身披非营利外衣却以“赚钱”身份示人,资产投入按捐赠属性归类却无法人身份。比之同门兄弟社团和基金会,“民非”在上述二者逐渐成为“显学”的境状下日益形销骨立,成为一种模糊而黯淡的存在。
被称之为“不伦不类”的民办非企业单位似乎将有出头之日,备受诟病的《国务院民办非企业单位登记管理暂行条例》近日已提上修订日程,修订草稿经讨论后即将上报国务院。

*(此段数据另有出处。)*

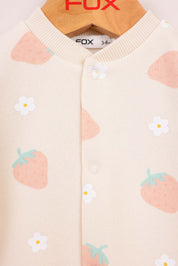 FOX NB אחר אוברול עם הדפס אוברול עם הדפס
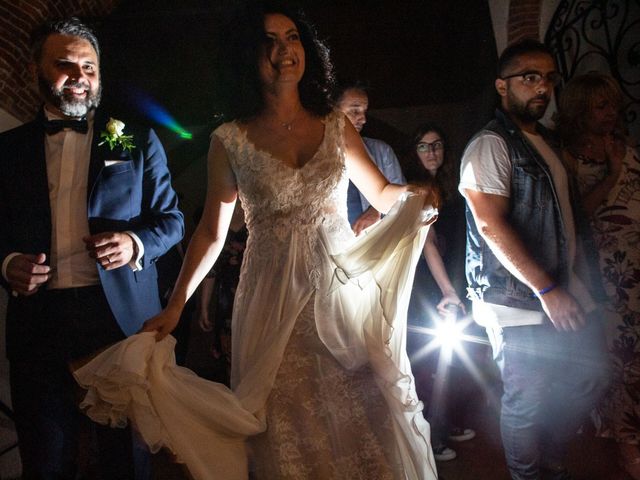 Il matrimonio di Luca e Mariagrazia a Comignago, Novara 88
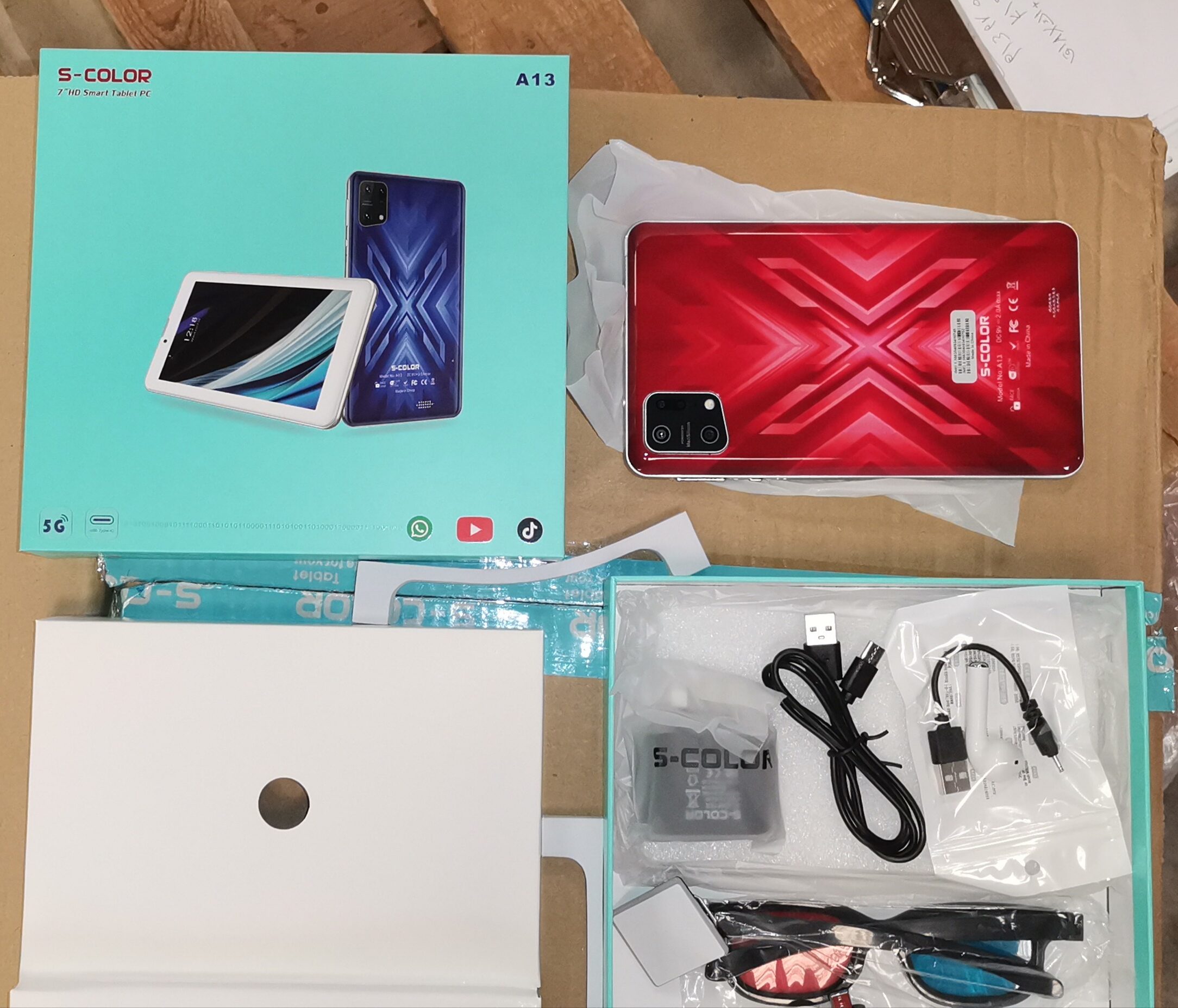 • تابلت a13 (ضمان 6 شهور) الصورة 3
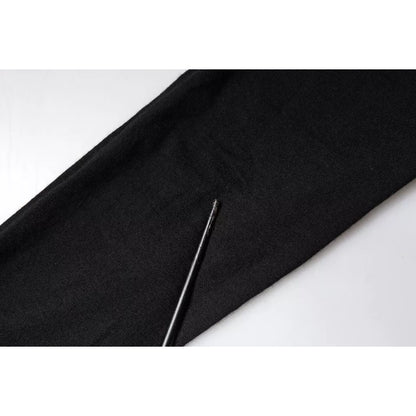 Dolce & Gabbana Black Long Sleeve Turtleneck Pullover Sweater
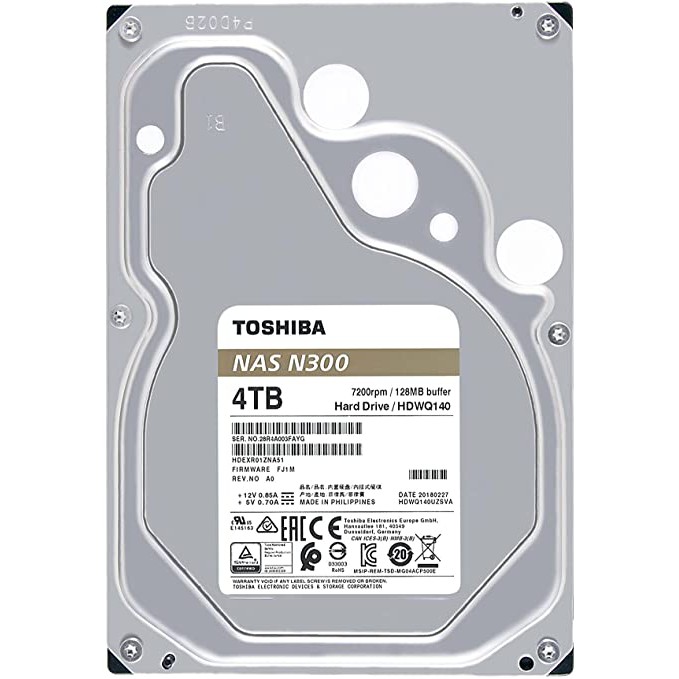 Ổ cứng 4T Chuyên Nas Toshiba | BigBuy360 - bigbuy360.vn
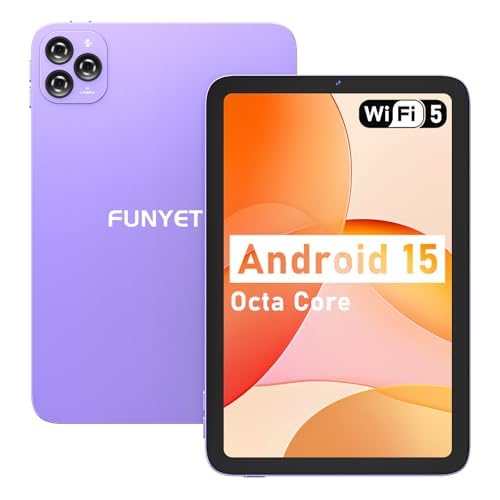 Amazon.com : FUNYET Android Tablet,10 inch Tablets 2025,8GB (4+4
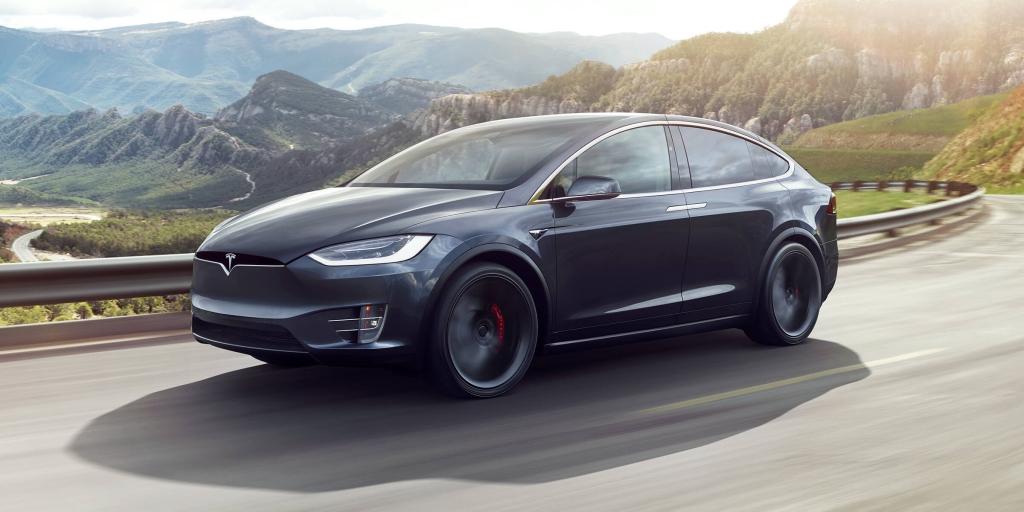 Tesla Model X scores 5-star rating in latest crash test results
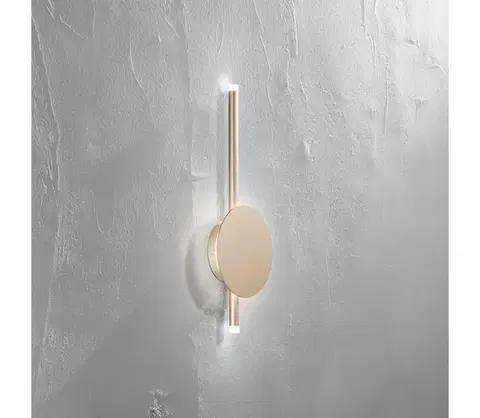 Svietidlá Ondaluce - LED stmievateľné nástenné svietidlo JAMES LED/16W/230V zlaté AP.JAMES/ORO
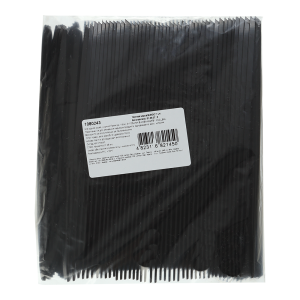 Ніж одноразовий чорний Buroclean EuroStandart 18см 100шт 1080243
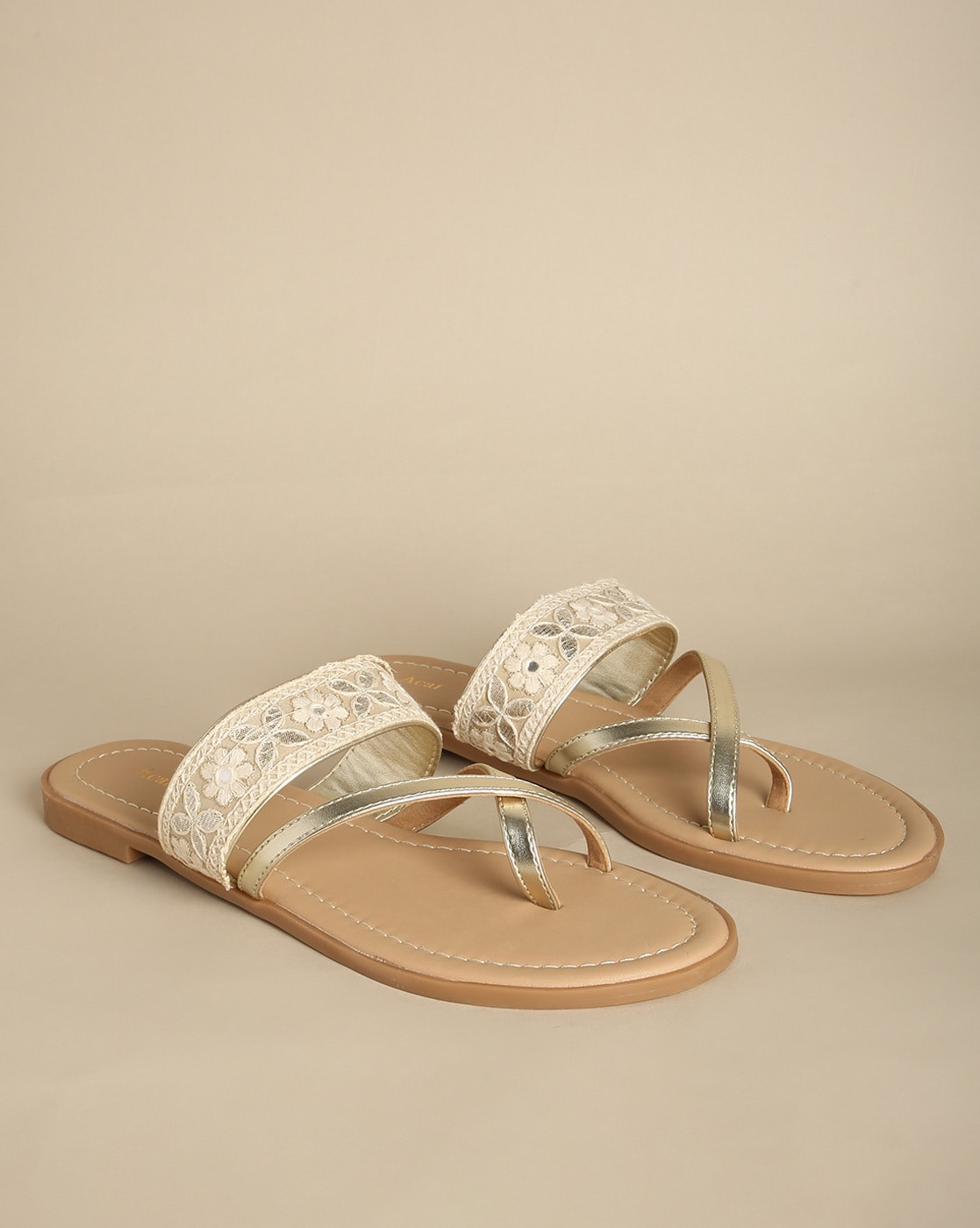 Gold sandals size cheap 9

与此同时,北京大学法学院非营利组织法研究中心在6月6日启动的一个项目也搭上了条例修订的顺风车,将为“民非”“模糊”存在变“清晰”存在效力。
尊重和聆听“民非”
北京大学法学院非营利组织法研究中心金锦萍将这个应时而生的项目称之为“彼此尊重 彼此聆听——民间组织公共参与项目”,意在唤醒政府和公众的注意,实质上作为边弱群体(社会声誉领域)的民非很少获得类似地位,因此这种呼声很大程度上还是一种请求。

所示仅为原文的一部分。